The rate at which energy is transferred between a body and it's environment is proportional to the differences between the temperatures of the two bodies. The rate at which energy is radiated from the body (to a black body) is proportional to the fourth power of the temperature of the body. All this means is that when you increase the temperature of the body, like a cup of coffee, the rate at which the thermal energy depletes (is transferred) from the cup of coffee becomes greater as you increase the temperature of the coffee.

It's just like a bucket half full of water with a hole near the bottom. The water will pour out much faster if the bucket is full of water, analogous to energy transferring much faster if the temperature is hotter.

So if the cream mixes instantaneously then when the student pours the cream into the coffee, the students coffee will instantaneously become colder then the professors coffee. But that is actually irrelevant initially and only matters at the end when both decide to sip their coffee after of a length of time. It is initially irrelevant because the professor's coffee will come to the same temperature as the student's coffee after a certain amount of time *(assuming this amount of time is less than the length of time they wait to sip), at which time both will loose thermal energy at the same rate. This is analogous to the bucket example where the rate at which the water pours out of the bucket decreases as the bucket becomes less full. So at the end of a length of time, the two coffees are at the same temperature. When the professor pours in their cream, that coffee will become instantaneously colder than the student's coffee. So you are correct in this case but your reasoning is off a little. It is not that the professor's coffee wasted more energy but is because of the assumption that the cream mixes instantaneously.

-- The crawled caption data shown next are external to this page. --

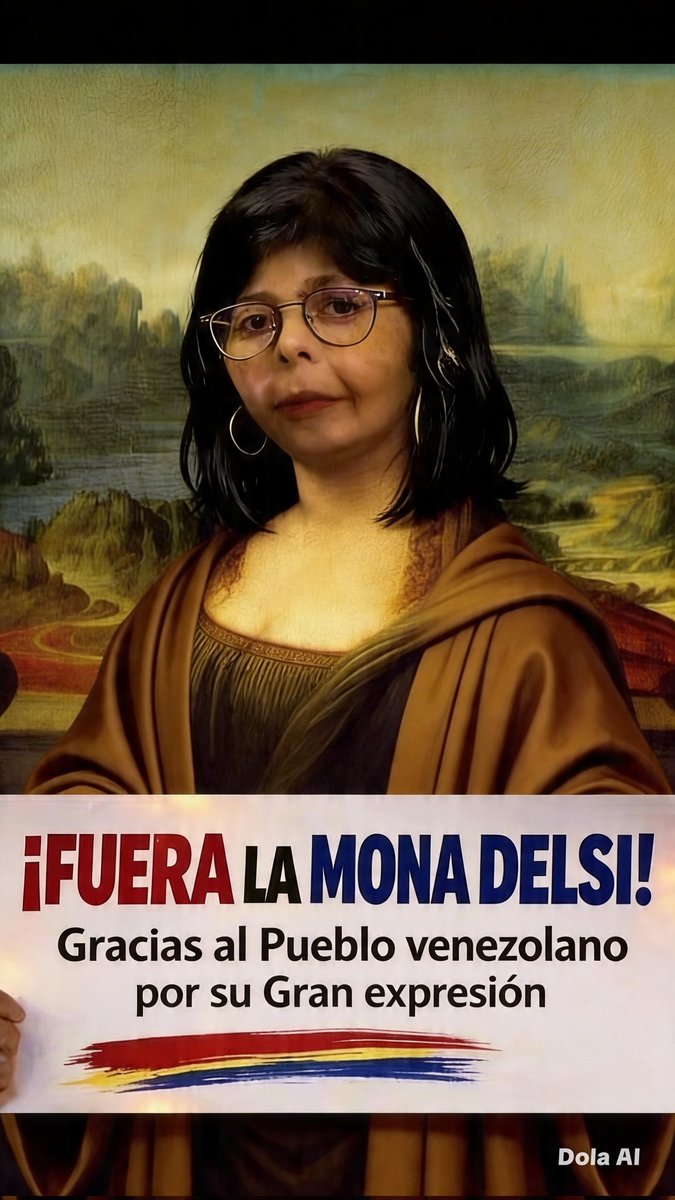 Venezuela 🇻🇪 libre tweet media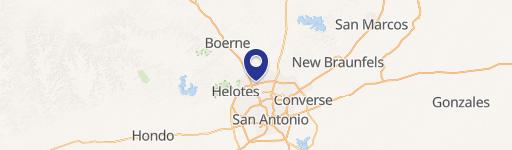 San Antonio Flex/Industrial Space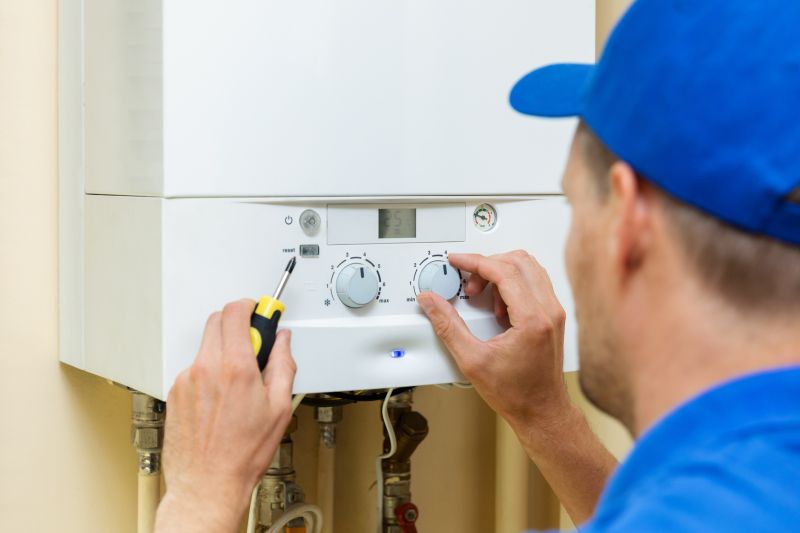 Gas Appliance Maintenance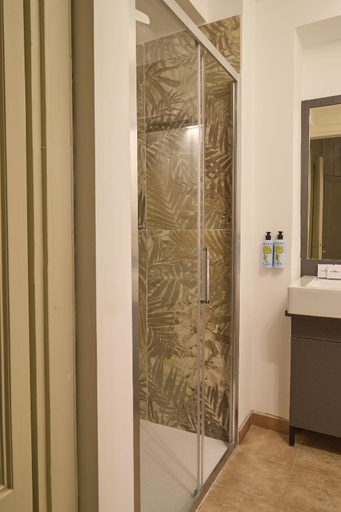 Bathroom 3, Milan Retreats Porta Romana, Milano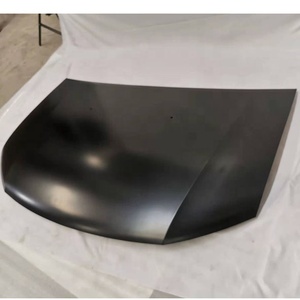 OE 651001918R Kit de carrosserie automobile Capot moteur en acier Capot pour Renault <span class=keywords><strong>Dacia</strong></span> <span class=keywords><strong>Logan</strong></span> 2013 2014 2015 <span class=keywords><strong>2016</strong></span> 2017 2018 2019 - Product Image 2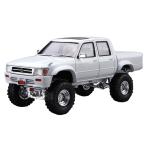 Aoshima 3-20088  1/24 HILUX DOUBLE CAB LIFT UP 94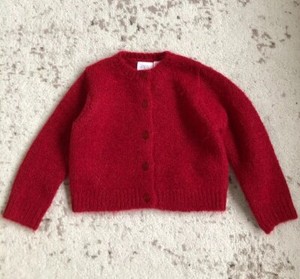 Las Mejores Ofertas En Ropa Para Bebe Zara Mezcla De Lana Ebay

But in reality the cream does not mix instantaneously. It takes time for energy in the coffee to transfer into the cream and lower the average temperature of the coffee. So in reality the temperatures of the coffee's would be equal because it takes time for the cream in the professors coffee to mix. Assuming this time is longer than the time it takes the professor to pour the cream in and take a sip, then I think both are at equal temperatures.

If you disallow the assumption that I stated above next to the "*", where the time it takes the professor's coffee to come to the same temperature as the student's is less than the time they wait to sip, then at the end of the scenario, when the professor pours in the cream, their coffee will be hotter than the students coffee. This is because the professor's coffee never came to the same temperature as the student's and therefore was always hotter.

I have to examine in all of these assumptions because we're talking about a generic perfect situation. You have to choose your scenario carefully in order to answer this question.

6. Jul 26, 2009

### diazona

Well, that's actually not true according to Newton's law of cooling. The temperatures of the two coffees get closer and closer but they never quite reach the same value. (Of course eventually the difference will become too small to measure)

P.S. If the mixing time is longer than the time it takes for the professor to take a sip, after he pours the cream in, then you can't really talk about the temperatures of the coffees... since until the coffee and creamer mix uniformly, the mixture has no well-defined temperature.